Dirán que son vainas mías, pero yo deduzco algunos rasgos de la personalidad del prójimo, a partir de la forma en la cuál usa las onomatopeyas. El uso de la onomatopeya como recurso expresivo es muy popular en la infancia. La mayoría de los niños aprende primero el sonido que hacen ciertos animales, antes de conocer su nombre. Es la onomatopeya como sustantivo. Pero a medida que vamos haciéndonos mayores, ese miedo al ridículo que lo estropea (si bien a veces arregla) todo, comienza a restringir la calidad y cantidad de las mismas y nos deja con un limitado y muy arraigado conjunto de sonidos, que sólo usamos cuando estamos en confianza o con unos tragos de más (o ambos).
Por ejemplo. Este humilde servidor le soltará, invariablemente, un agudísimo ñiiiiiuuuuuu para describir el efecto doppler que produce el Renault R25 en recta principal a trecientos kilómetros hora. (O un ñíiiiiiiiiiiú que es el que produce un McLaren). Dicha onomatopeya es esencialmente infantil, porque hace referencia a objetos concretos. Es más o menos lo que hacen los niños, realizar una imitación aproximada del sonido.
Pero cuando nos adentramos a esa época en la cual la etiqueta de adulto comienza a realizar su aparición a sacudones, como areando instantáneas de las viejas polaroid, nuestra habilidad para inventar onomatopeyas más evolucionadas, acordes con nuestra capacidad de concebir en abstracto, rara vez se manifiesta. Sólo pequeños vestigios aprendidos surgen, como el chgkck que se hace con un hueco de aire y una migajita de saliva en la parte de atrás de la boca, para rematar una afirmación con aire de razonamiento. Claro, es más gringo que latino, pero nos sirve para efectos didácticos, querido lector.
Así las cosas, las únicas onomatopeyas que quedan, son relegadas a usos menores, principalmente como metrónomos de actividades profesionales. Si quiere un ejemplo, observe a un informático paseándose por las opciones de un programa: Ahora un plin aquí, un chán, tiqui y… chachán. O a un varón (cualquier edad) jugueteando con su nueva cámara digital o teléfono móvil. A mi me resultan algo así como onomatopeyas epistémicas, porque al parecer, nos sirven para anclar conocimiento durante el aprendizaje.
Pero existen otras personas, que vamos… te dejan perplejo. No dejan de crean onomatopeyas en la edad adulta y lo mejor, es que éstas aparecen evolucionadas, son onomatopeyas abstractas y casi siempre de intangibles.
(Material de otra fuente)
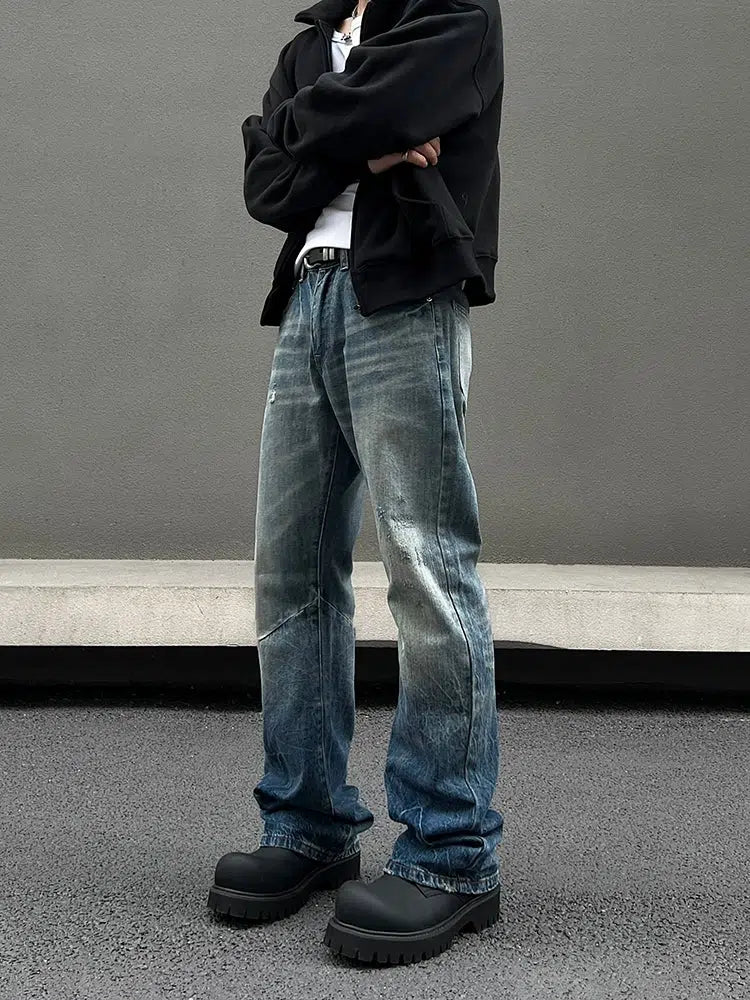 Loose-fit Washed Blue Straight-leg Jeans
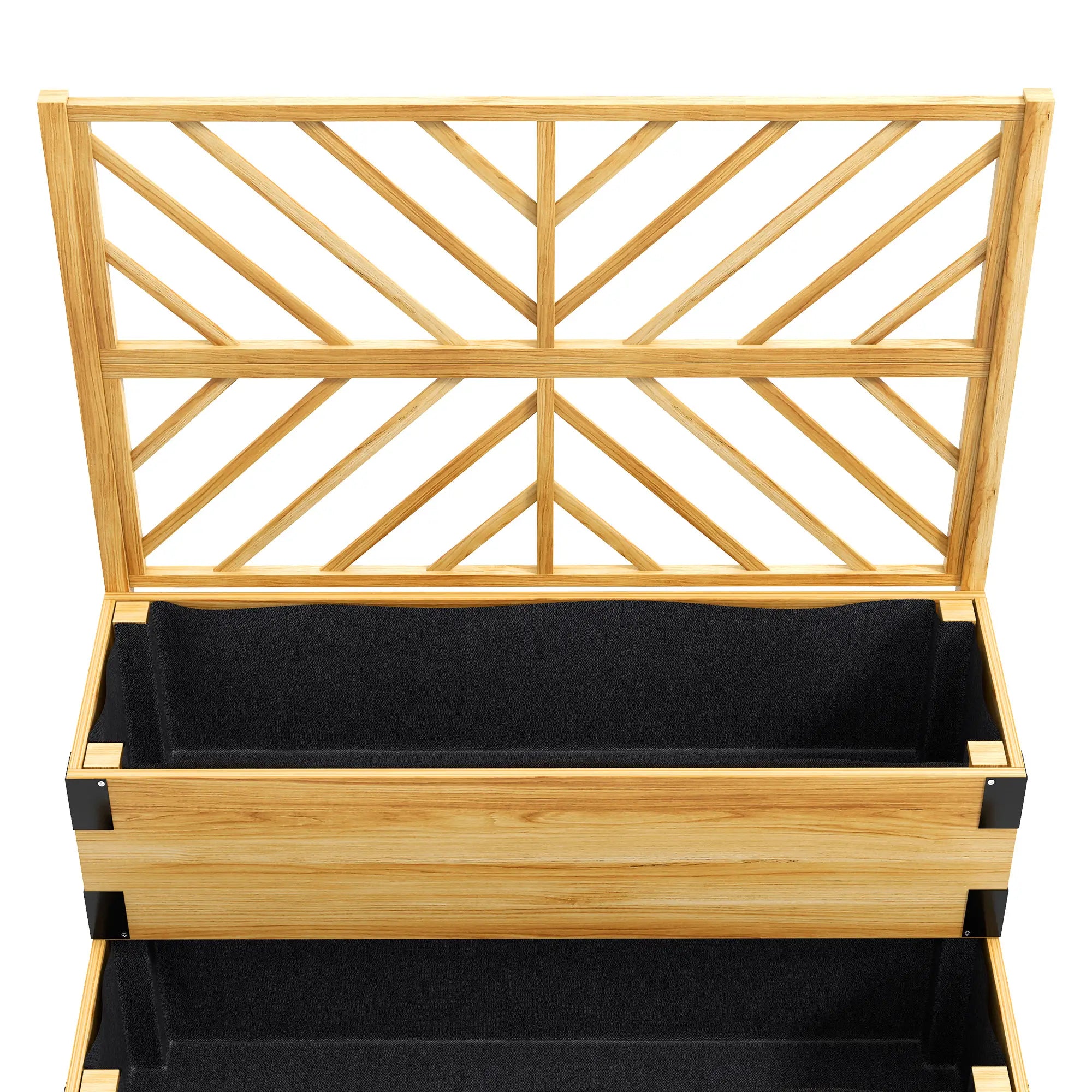 Raised Garden Bed With Trellis, 2 Tier Wooden Elevated Planter Box Elevated Garden Beds at Gallery Canada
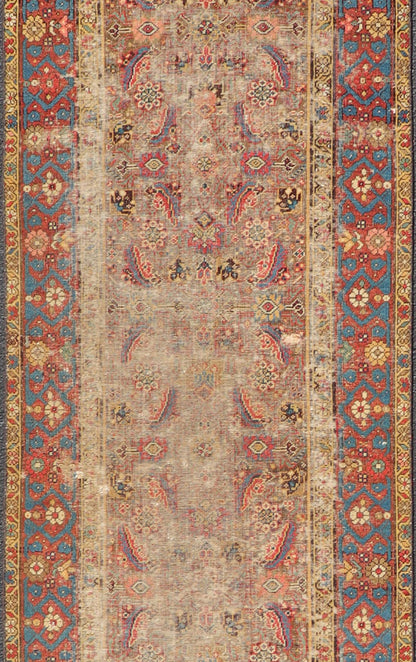 Antique Persian Sultanabad Distressed Runner with Floral Design in Jewel Tones This exquisite antique hand - knotted distressed Persian Sultanabad runner features an all - over sub - geometric floral design replete in jewel tones and enclosed within ... - Keivan Woven ArtsEMB - 9573 - P13084 - 14964Rug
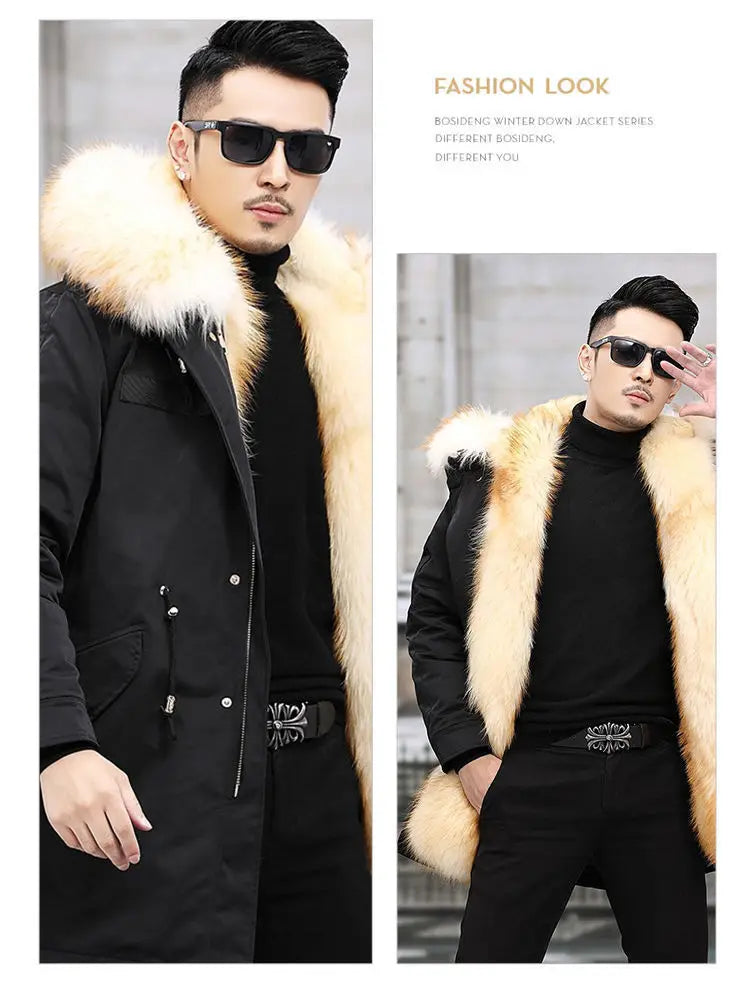 2023 New Parka Men Whole Mink Liner Winter New Fur Coat Mink-like Wool Mid-Length Leather Fur Coat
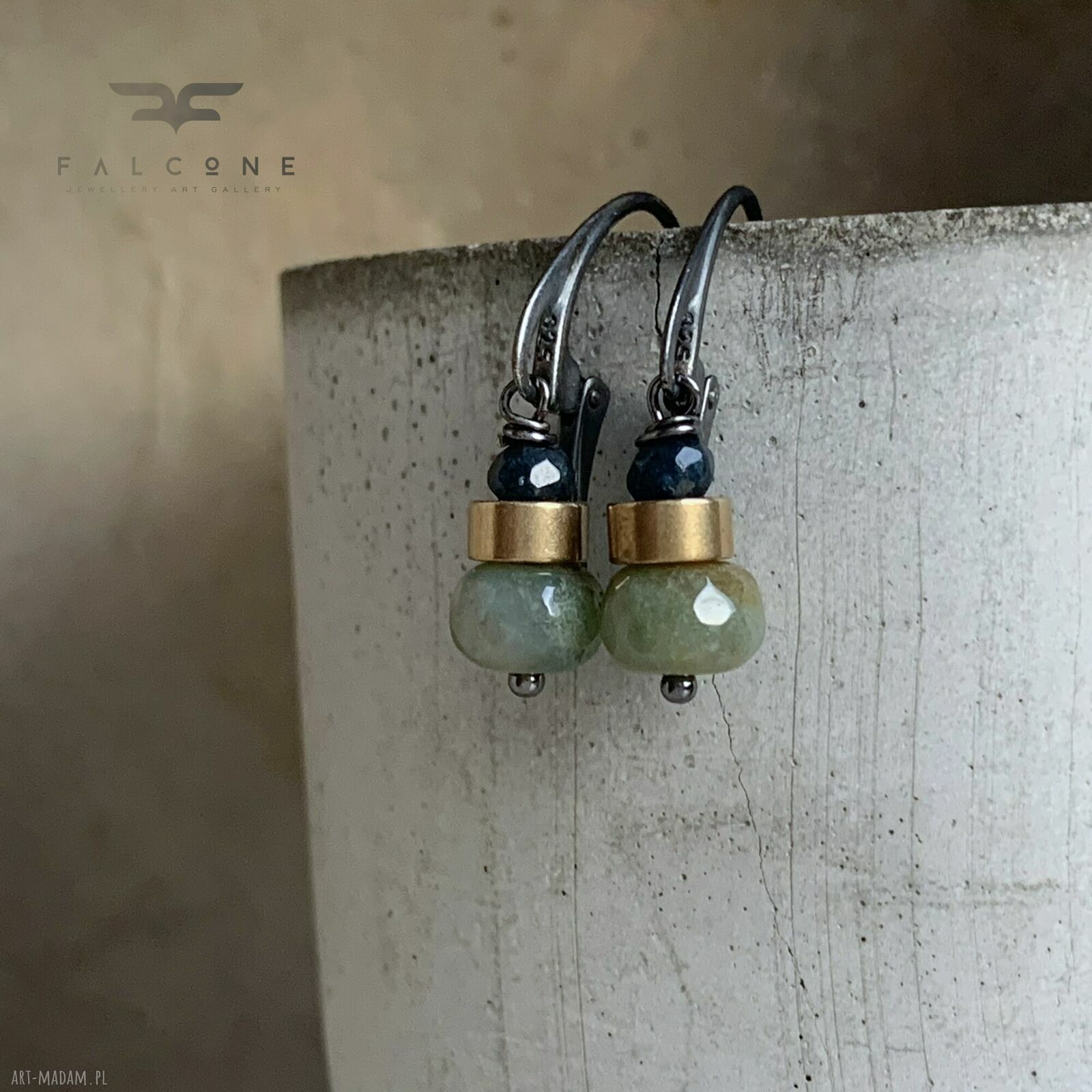 Kolczyki Forest Little Birds z agatem indyjskim i jadeitem - handmade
Así se las escuché a un querido amigo este fin de semana. Me invitó a comer sushi (aquí es barato), preparado por él mismo, y en una de esas, emitió una armoniosa sonoridad para representar la acción de envolver el preparado de arroz y pescado crudo en un rollito de algas. ¡Genial! Eso hizo que me fijara detenidamente en el amplísimo repertorio que posee para indicar sonidos de intangibles, como el sonido de las afirmaciones taxativas, la frustración, la pereza, el hastío, la sorpresa y el más impresionante, la onomatopeya de la atención.
No, no me pidan que las reproduzca, lo he intentado un rato y no me salen. A ver si se las grabo uno de estos días y ¡zas! hago mi primer podcast.